I shut it down, hard. There’s no room for that part of me. I can’t let that part of me have a hold on me. Not if I want to be the kind of doctor who would have saved my mom.

The chief resident let me borrow this small conference room for a virtual call. The cubicle looks more sterile than it smells. All walls and surfaces are stripped of any personality; the only decoration is a pencil holder with no writing utensils and a Keurig machine with an inch of dust.

My laptop screen reflects my face—hair in a relaxed bun, tendrils framing my cheeks, enough makeup to disguise that I haven’t slept in eighteen hours.

There’s that signature professional tiredness that goes with being a doctor, and somehow, self-assuredness.

It feels strange, this calm that comes from knowing I can project competence without breaking a sweat.

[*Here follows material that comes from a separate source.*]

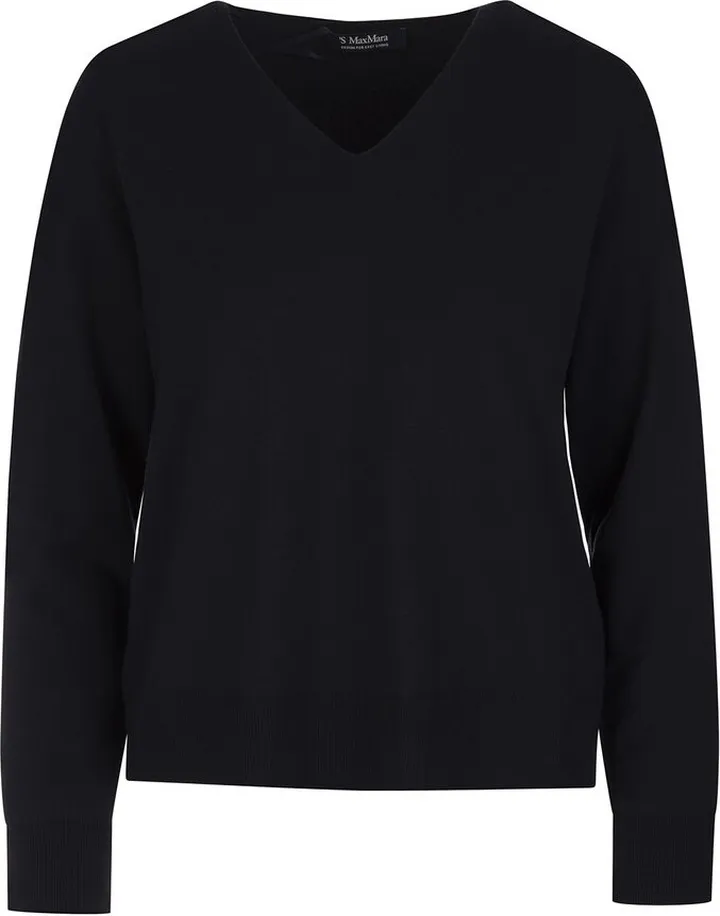 'S Max Mara V-Neck Long-Sleeved Sweater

The woman on the other end of the call leans forward, clasping her hands. “Your references are excellent, Dr. Hollis. We’re impressed with your casework. We’re also excited to see publications to your name, especially the post-stroke rehabilitation study you coauthored.”

I shouldn’t be surprised she’s looked beyond my résumé and cover letter.

Of course she wants to know every candidate inside and out.

Neurology is competitive, only five percent of candidates find a placement of their choosing.

I should woo, charm, and bring up my strengths rather than having her look for them.

She glances down at her notes, then back up with an approving lift of her brows. “And I have to say, we were intrigued by your elective diagnostic fellowship. Not many neurologists choose to step into that environment.”

My breath catches, and I hold it in. This is when her innocent question forces me to air out my underwhelming performance on my board exams, in case she missed the disclaimer on my CV.

Instead, there’s almost warmth in how her eyes wrinkle at the corners. “It speaks to your initiative to understand the full continuum of patient care.”